In [15]:
import nest_asyncio
nest_asyncio.apply()

In [16]:
from llama_index.llms.ollama import Ollama
from llama_index.embeddings.huggingface import HuggingFaceEmbedding
from llama_index.core.settings import Settings

llm = Ollama(model="llama3.2")
embed_model = HuggingFaceEmbedding(model_name="BAAI/bge-small-en-v1.5")

Settings.llm = llm
Settings.embed_model = embed_model

In [17]:
from llama_index.core.workflow import Event
from llama_index.core.schema import NodeWithScore


class RetrieverEvent(Event):
    """Result of running retrieval"""

    nodes: list[NodeWithScore]

In [20]:
from llama_index.core import SimpleDirectoryReader, VectorStoreIndex
from llama_index.core.response_synthesizers import CompactAndRefine
from llama_index.core.workflow import (
    Context,
    Workflow,
    StartEvent,
    StopEvent,
    step,
)

class RAGWorkflow(Workflow):
    @step
    async def ingest(self, ctx: Context, ev: StartEvent) -> StopEvent | None:
        """Entry point to ingest a document, triggered by a StartEvent with `dirname`."""
        dirname = ev.get("dirname")
        if not dirname:
            return None

        documents = SimpleDirectoryReader(dirname).load_data()
        index = VectorStoreIndex.from_documents(
            documents=documents,
        )
        return StopEvent(result=index)

    @step
    async def retrieve(
        self, ctx: Context, ev: StartEvent
    ) -> RetrieverEvent | None:
        "Entry point for RAG, triggered by a StartEvent with `query`."
        query = ev.get("query")
        index = ev.get("index")

        if not query:
            return None

        print(f"Query the database with: {query}")

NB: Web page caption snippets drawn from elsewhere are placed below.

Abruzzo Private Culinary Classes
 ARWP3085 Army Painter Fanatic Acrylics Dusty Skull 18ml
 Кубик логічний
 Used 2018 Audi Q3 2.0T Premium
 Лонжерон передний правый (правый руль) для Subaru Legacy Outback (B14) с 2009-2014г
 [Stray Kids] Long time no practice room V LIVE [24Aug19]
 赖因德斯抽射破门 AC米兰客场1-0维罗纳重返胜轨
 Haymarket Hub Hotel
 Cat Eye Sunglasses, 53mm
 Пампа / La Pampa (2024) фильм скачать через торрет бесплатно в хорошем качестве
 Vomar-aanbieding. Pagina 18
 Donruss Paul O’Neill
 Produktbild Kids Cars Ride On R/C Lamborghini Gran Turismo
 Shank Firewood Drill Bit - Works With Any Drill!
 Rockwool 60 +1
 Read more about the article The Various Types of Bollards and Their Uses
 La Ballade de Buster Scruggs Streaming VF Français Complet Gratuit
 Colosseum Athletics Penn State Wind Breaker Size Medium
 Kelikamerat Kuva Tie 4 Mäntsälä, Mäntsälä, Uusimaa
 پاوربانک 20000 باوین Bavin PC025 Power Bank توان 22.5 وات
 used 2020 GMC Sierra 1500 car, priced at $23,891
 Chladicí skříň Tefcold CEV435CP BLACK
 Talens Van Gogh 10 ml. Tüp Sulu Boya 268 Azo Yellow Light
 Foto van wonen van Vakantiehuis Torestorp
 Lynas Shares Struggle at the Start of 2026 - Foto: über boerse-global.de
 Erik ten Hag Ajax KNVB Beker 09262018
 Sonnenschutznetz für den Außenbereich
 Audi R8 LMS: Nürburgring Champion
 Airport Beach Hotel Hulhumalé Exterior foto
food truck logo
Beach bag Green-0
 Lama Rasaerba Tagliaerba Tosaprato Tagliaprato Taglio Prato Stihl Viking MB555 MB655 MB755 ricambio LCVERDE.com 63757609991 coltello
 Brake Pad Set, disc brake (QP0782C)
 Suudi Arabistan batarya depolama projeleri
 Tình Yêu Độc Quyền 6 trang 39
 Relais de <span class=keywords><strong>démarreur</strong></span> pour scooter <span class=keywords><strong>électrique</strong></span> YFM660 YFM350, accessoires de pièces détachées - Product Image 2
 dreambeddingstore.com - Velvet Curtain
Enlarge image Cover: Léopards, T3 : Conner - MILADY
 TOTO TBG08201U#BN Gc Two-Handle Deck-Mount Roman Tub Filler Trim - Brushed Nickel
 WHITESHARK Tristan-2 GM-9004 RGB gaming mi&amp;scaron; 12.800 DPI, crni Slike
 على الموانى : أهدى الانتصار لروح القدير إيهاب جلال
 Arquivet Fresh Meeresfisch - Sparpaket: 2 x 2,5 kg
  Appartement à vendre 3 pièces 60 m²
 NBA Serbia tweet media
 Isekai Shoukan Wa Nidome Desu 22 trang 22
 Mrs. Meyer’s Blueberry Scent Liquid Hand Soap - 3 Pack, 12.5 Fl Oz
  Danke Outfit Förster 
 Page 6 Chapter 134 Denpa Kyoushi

        # store the query in the global context
        await ctx.set("query", query)

        # get the index from the global context
        if index is None:
            print("Index is empty, load some documents before querying!")
            return None

        retriever = index.as_retriever(similarity_top_k=2)
        nodes = await retriever.aretrieve(query)
        print(f"Retrieved {len(nodes)} nodes.")
        return RetrieverEvent(nodes=nodes)

    @step
    async def synthesize(self, ctx: Context, ev: RetrieverEvent) -> StopEvent:
        """Return a streaming response using reranked nodes."""
        # llm = OpenAI(model="gpt-4o-mini")
        # summarizer = CompactAndRefine(llm=llm, streaming=True, verbose=True)
        summarizer = CompactAndRefine(streaming=True, verbose=True)
        query = await ctx.get("query", default=None)

        response = await summarizer.asynthesize(query, nodes=ev.nodes)
        return StopEvent(result=response)

The first entrypoint is ingestion

In [21]:
w = RAGWorkflow()

# Ingest the documents
index = await w.run(dirname="data")

The second entry point is retrieval

In [22]:
# Run a query
result = await w.run(query="How was DeepSeekR1 trained?", index=index)
async for chunk in result.async_response_gen():
    print(chunk, end="", flush=True)

Query the database with: How was DeepSeekR1 trained?
Retrieved 2 nodes.
DeepSeek-R1 was trained using multi-stage training and cold-start data before reinforcement learning (RL). This approach incorporates a rule-based reward system that uses accuracy rewards to evaluate response correctness and format rewards to enforce thinking process tagging. The model begins with a straightforward template guiding it to produce a reasoning process followed by the final answer, while intentionally limiting constraints to avoid content-specific biases.